Chicago | Reuters — Chicago Mercantile Exchange live cattle futures posted significant gains on Friday, in anticipation of higher cash prices and short-covering before Monday’s Presidents Day holiday in the U.S., traders said.
News of Canada’s first case of bovine spongiform encephalopathy (BSE) since 2011 provided further support to CME live cattle contracts, they said.
Futures already were at a huge discount to recent cash prices and received an extra boost from the Canadian situation, even though no meat from the animal’s carcass had entered the food chain, said Lane Broadbent, vice president of KIS Futures Inc.
Bids for market-ready (cash) cattle in Kansas were at $161 per hundredweight (cwt) versus up to $165 asking prices, feedlot sources said. Last week, cash cattle in the U.S. Plains moved at $160 to $162.50/cwt.
Processors are expected to pay more for cattle at a time of seasonally tight supplies, even though their poor margins and lacklustre beef sales suggest otherwise.

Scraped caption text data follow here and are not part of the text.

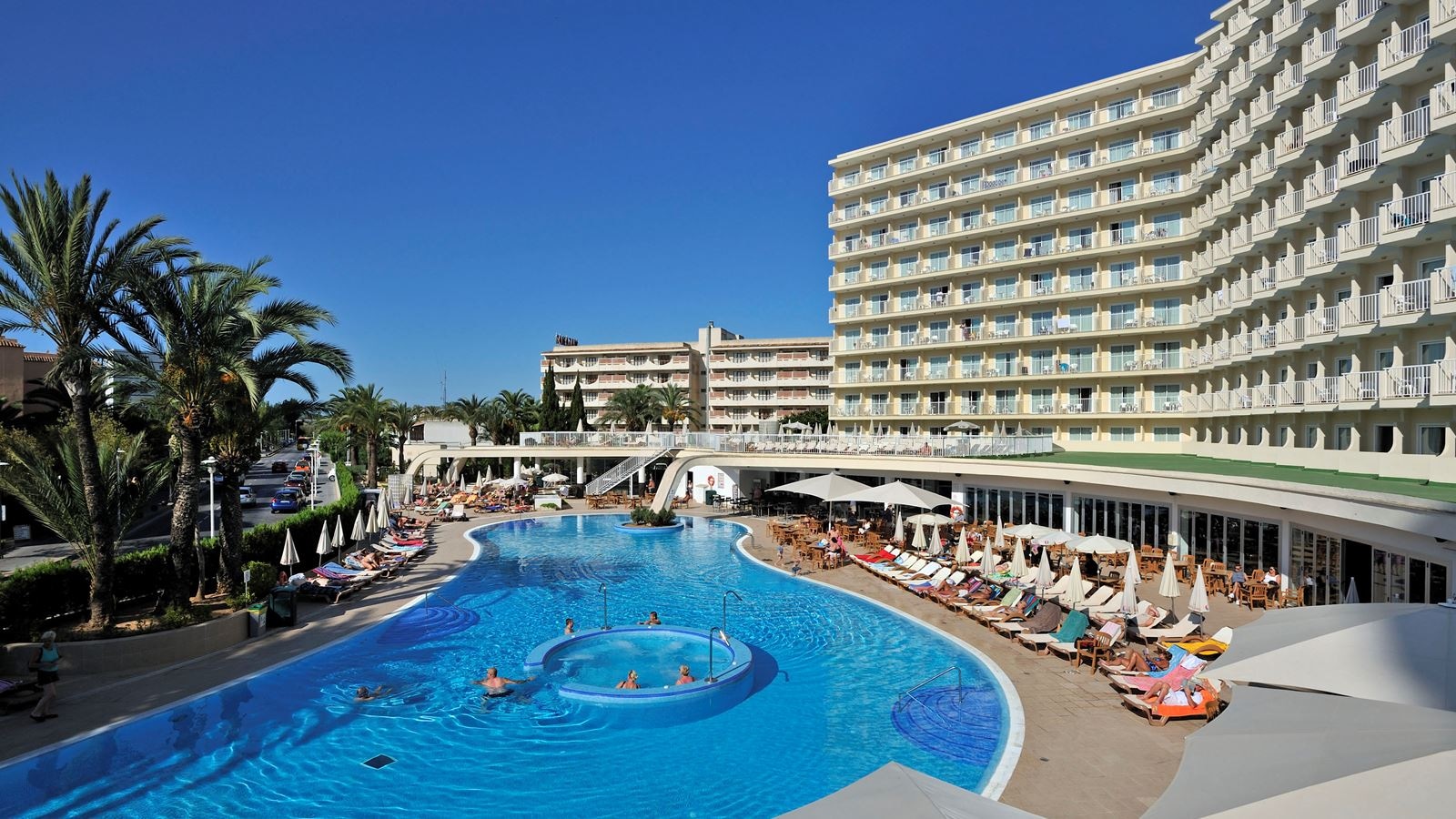 pools-outdoor-pool
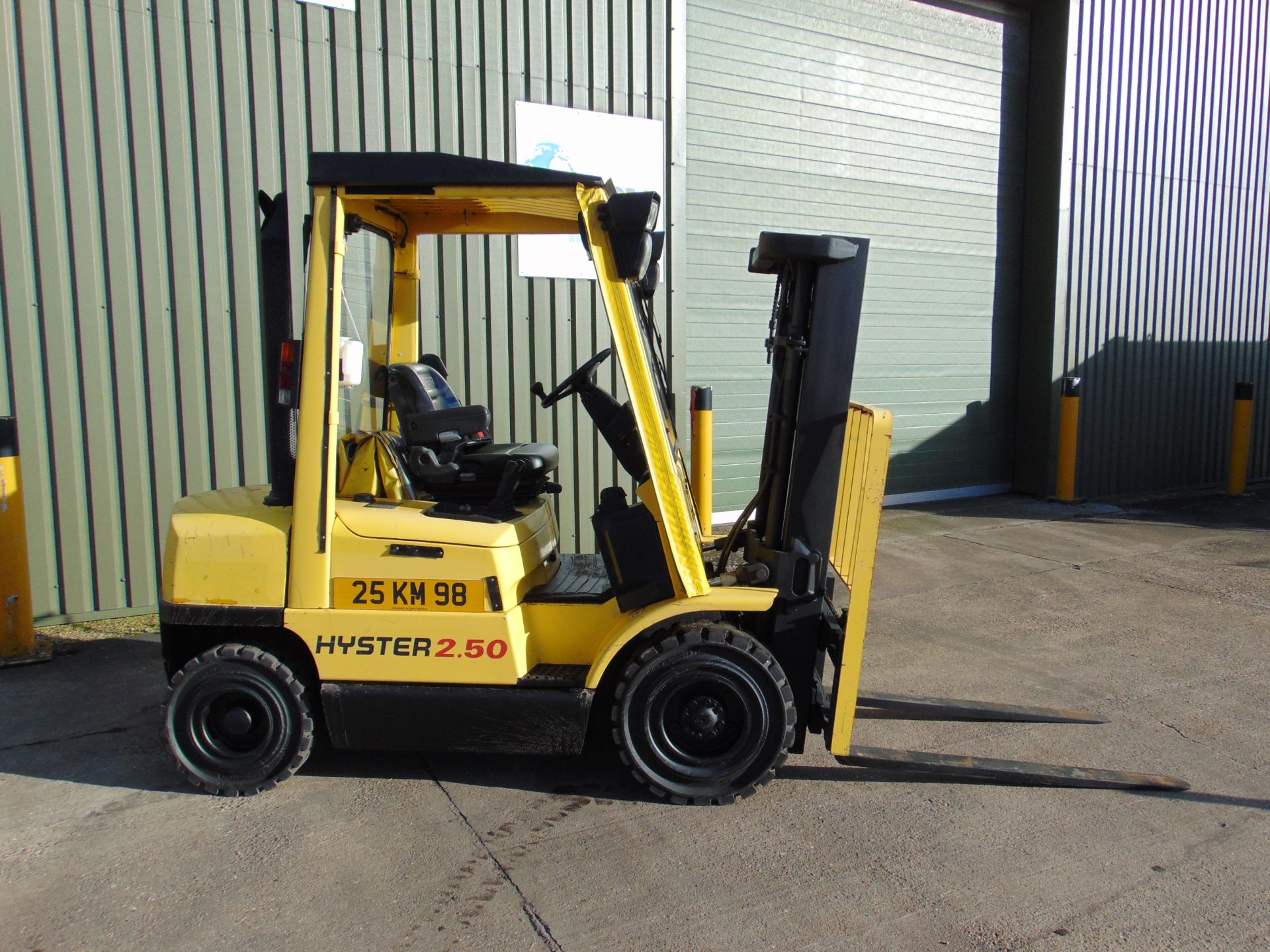 Hyster H2.50XM Counter Balance Diesel Forklift ONLY 1,699 HOURS! - Image 7 of 26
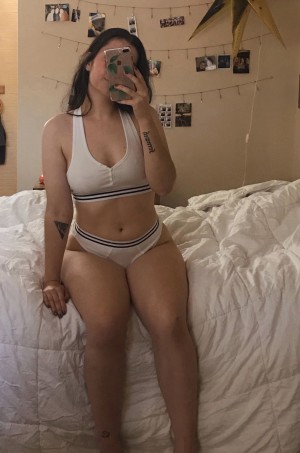 Persianmama111 Photo #16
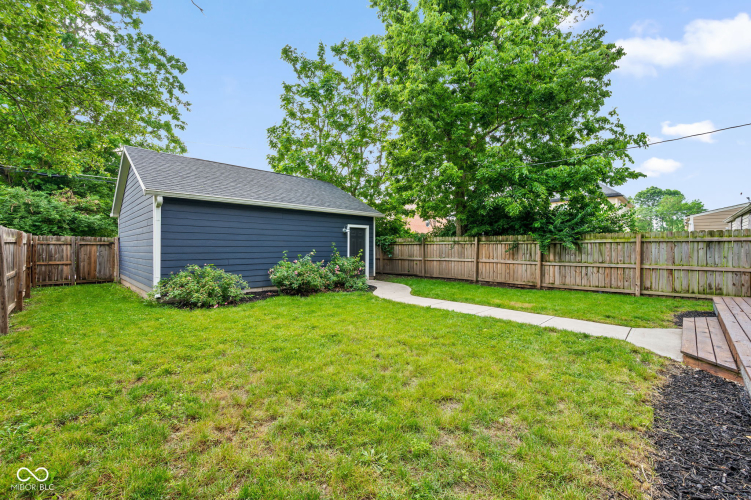 Listing Image 44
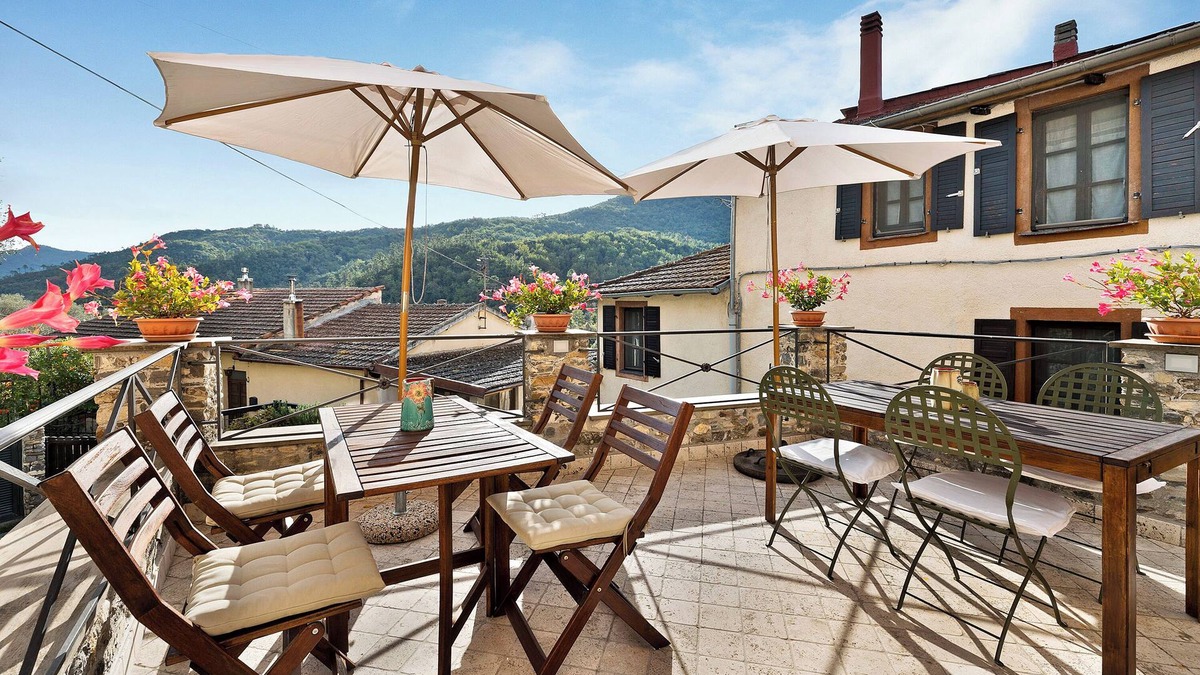 Cardoni Apartment | Apartment "Le Peonie - Celestino" with Mountain View, Garden & Wi-Fi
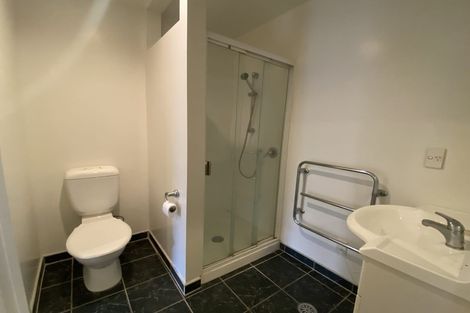 Photo of property in Atrium Towers, 7h/154 The Terrace, Wellington Central, Wellington, 6011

Friday morning’s choice wholesale beef price dropped $1.01, to $238.09 per cwt, from Thursday (all figures US$). Select cuts sagged 82 cents, to $234.37, the U.S. Department of Agriculture said.
Some U.S. packing plants will be closed for the Presidents Day holiday. During last year’s holiday, packers processed about 86,000 head of cattle and 411,000 hogs, based on USDA data.
February closed 0.9 cent/lb. higher at 160 cents, and April ended up 2.1 cents at 153.225 cents.
Technical buying and live cattle market gains lifted CME’s thinly-traded feeder cattle contracts.
March closed 3.55 cents/lb. higher at 203.85 cents and April ended up 2.95 cents, to 203.25 cents.
Hogs rise again
CME lean hogs finished higher for a second straight session on pre-weekend short-covering and the morning’s wholesale pork price bounce, traders said.
February, which expired at noon CT, closed up 0.125 cent, to 62.075 cents/lb., while April ended 1.525 cents higher, at 66.025 cents.
Government data showed the morning’s wholesale pork price at $73.16/cwt, up $1.07 from Thursday.
Grocers are featuring more pork while faced with historically high beef prices, analysts and traders said.
Still, West Coast port delays and ample numbers of heavyweight hogs wore down cash prices, they said.
Cash hogs in the Midwest sold 50 cents to $1/cwt lower on Friday morning, according to regional hog dealers.
— Theopolis Waters reports on livestock futures markets for Reuters from Chicago.